== Supplied information ==
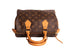 Speedy Monogram Canvas 25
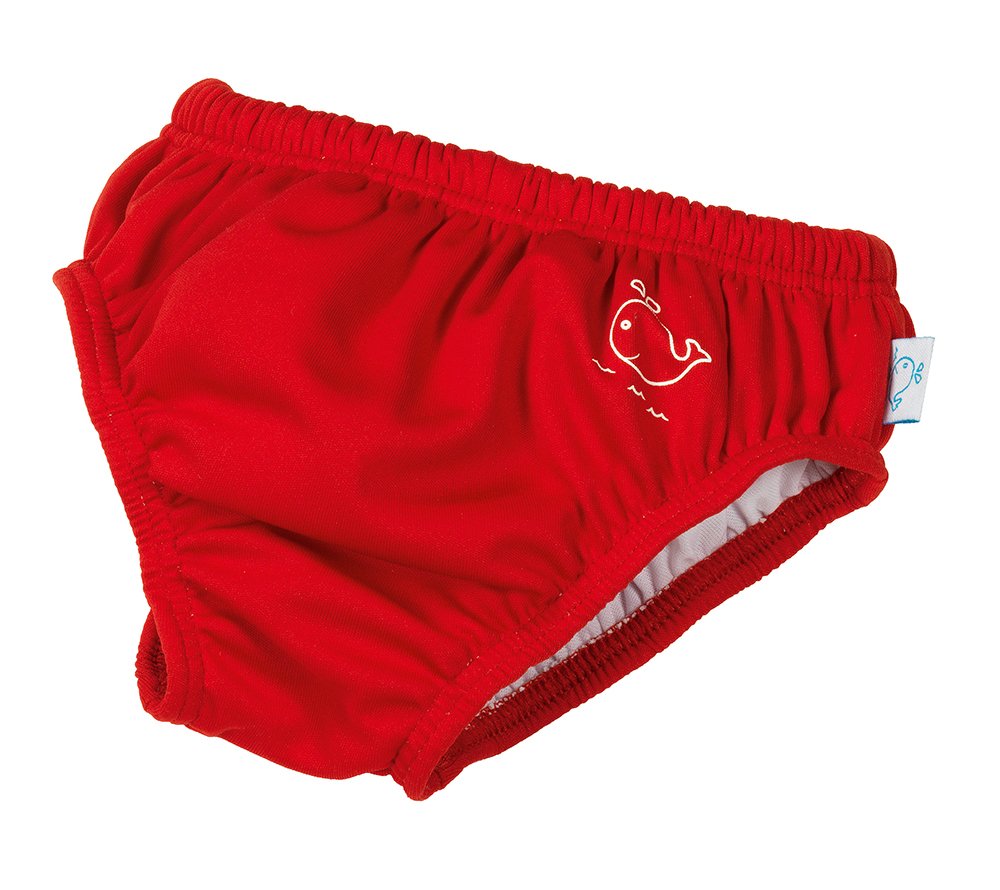 Fashy Kids Nappy Pants with String - Red, X-Large(98/104)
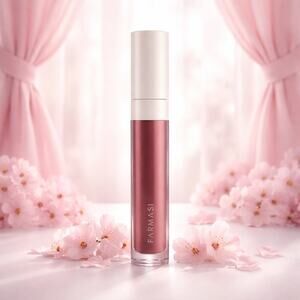 Farmasi Matte liquid Lip Stick - Perfect Rose (2) Pure, Organic Pigments.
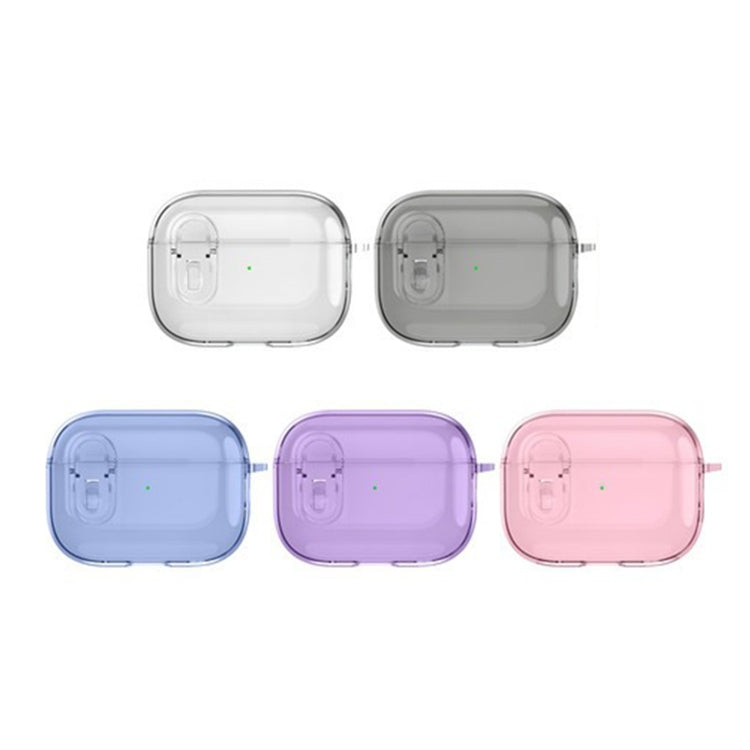 For AirPods 3 Ice Crystals Shockproof Earphone Protective Case(Purple) - For AirPods 3 by PMC Jewellery | Online Shopping South Africa | PMC Jewellery | Buy Now Pay Later Mobicred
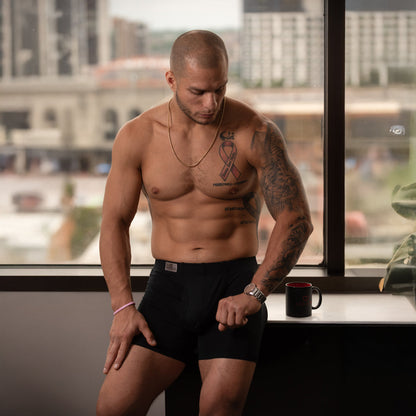 SHEATH 3.21 Men's Dual Pouch Boxer Brief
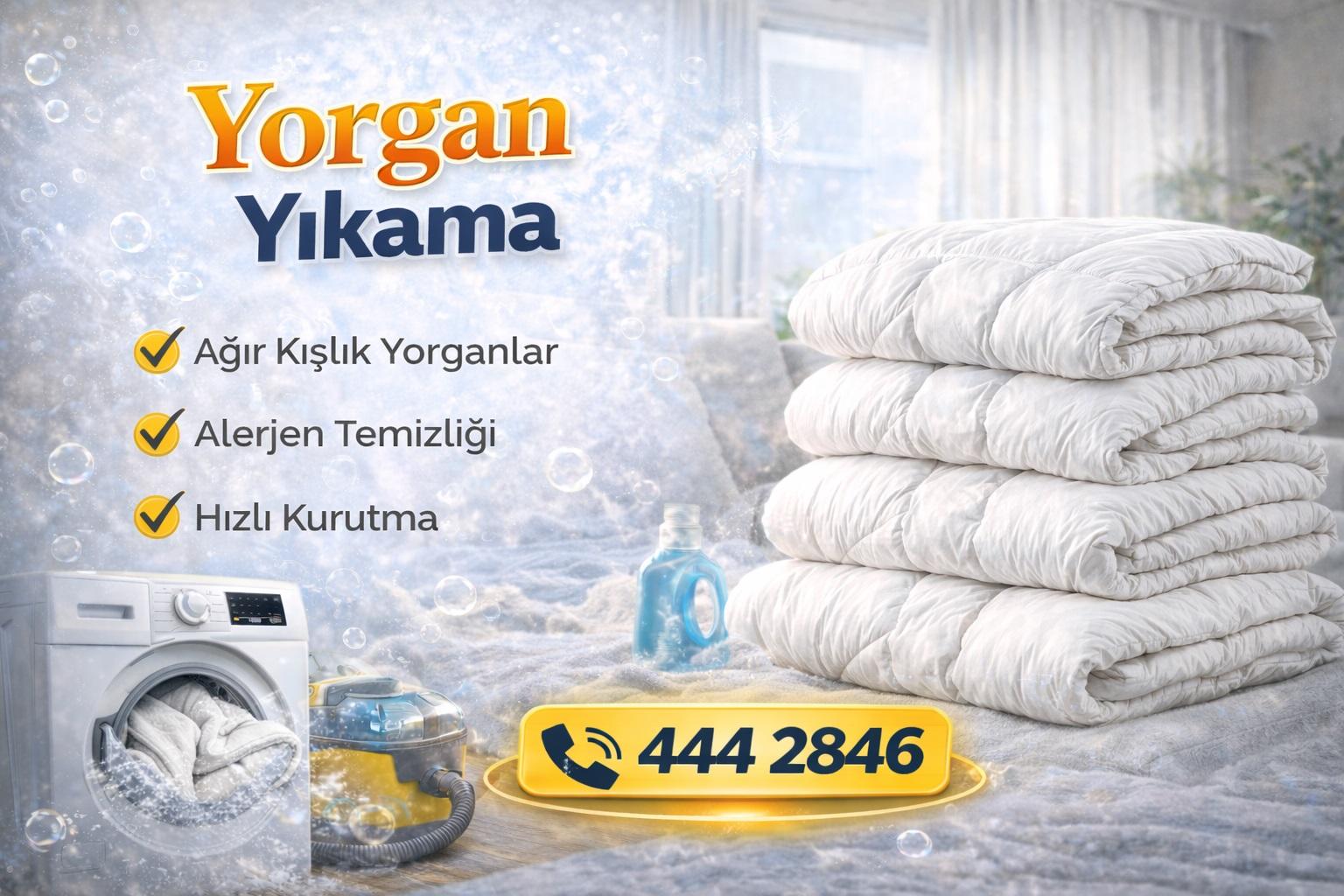 Yorgan Yıkama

== What this task involves ==
Could you repeat all of the material exactly? Pictures should not be copied.

== Written response ==
 Speedy Monogram Canvas 25
 Fashy Kids Nappy Pants with String - Red, X-Large(98/104)
 Farmasi Matte liquid Lip Stick - Perfect Rose (2) Pure, Organic Pigments.
 For AirPods 3 Ice Crystals Shockproof Earphone Protective Case(Purple) - For AirPods 3 by PMC Jewellery | Online Shopping South Africa | PMC Jewellery | Buy Now Pay Later Mobicred
 SHEATH 3.21 Men's Dual Pouch Boxer Brief
 Yorgan Yıkama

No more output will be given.